Un parcours du combattant pour les CPAM, se réjouit intérieurement le Dr Garrigou-Grandchamp. Et si le médecin est finalement placé sous MSAP, celui-ci « peut tout à fait se défendre et contester cette décision devant le tribunal administratif », souligne le généraliste. En cas de contestation en justice, la procédure n'est pas, dans la plupart des cas, acceptée en référé car jugée « non urgente ». Le médecin se voit donc contraint d'effectuer sa période de MSAP. 

Toutefois pour l'expert juridique, les critères utilisés par la Cnam pour estimer qu'un médecin est un gros prescripteur et pour légitimer la MSAP sont si « imparfaits » qu'ils offrent « un boulevard pour argumenter en justice ».

Sur son site, la Caisse informe que la MSAP est proposée lorsque « le médecin prescrit plus d’arrêts de travail que ses confrères (en nombre ou en durée) comparativement à ses confrères de la région dont le domaine d’activité est comparable ». 

Pour le Dr Garrigou-Grandchamp, cette méthode présente de nombreux « biais de sélection » : « Selon l'Assurance maladie, une activité comparable se limite aux critères socio-économiques d'un territoire. Or, on sait bien que chaque médecin a une patientèle différente de celle de son voisin. Certains médecins vont par exemple voir beaucoup plus de patients en urgence et on sait très bien que les urgences sollicitent beaucoup plus d'arrêts » souligne-t-il. 

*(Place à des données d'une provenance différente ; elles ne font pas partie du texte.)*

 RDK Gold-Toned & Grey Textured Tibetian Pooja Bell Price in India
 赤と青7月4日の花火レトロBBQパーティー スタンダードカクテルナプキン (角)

Sanctions possibles à partir de la deuxième récidive

Des particularités que le juge peut, lui, décider de prendre en compte.  « Et si au moment de l'audience le juge donne raison au médecin, celui-ci peut alors réclamer des dommages et intérêts », confie le généraliste.

À en croire l'expert juridique, les médecins mis sous MSAP encourent donc peu de risques. Sans contestation judiciaire, « la période de MSAP se termine généralement par la validation de 98 % des arrêts de travail observés ». Ce n'est qu'à partir de la « deuxième récidive que le médecin peut être pénalisé », assure le praticien.

Pour preuve, « un de mes collègues doit en être à sa 4e MSAP et n'a toujours pas été sanctionné », fait valoir le généraliste.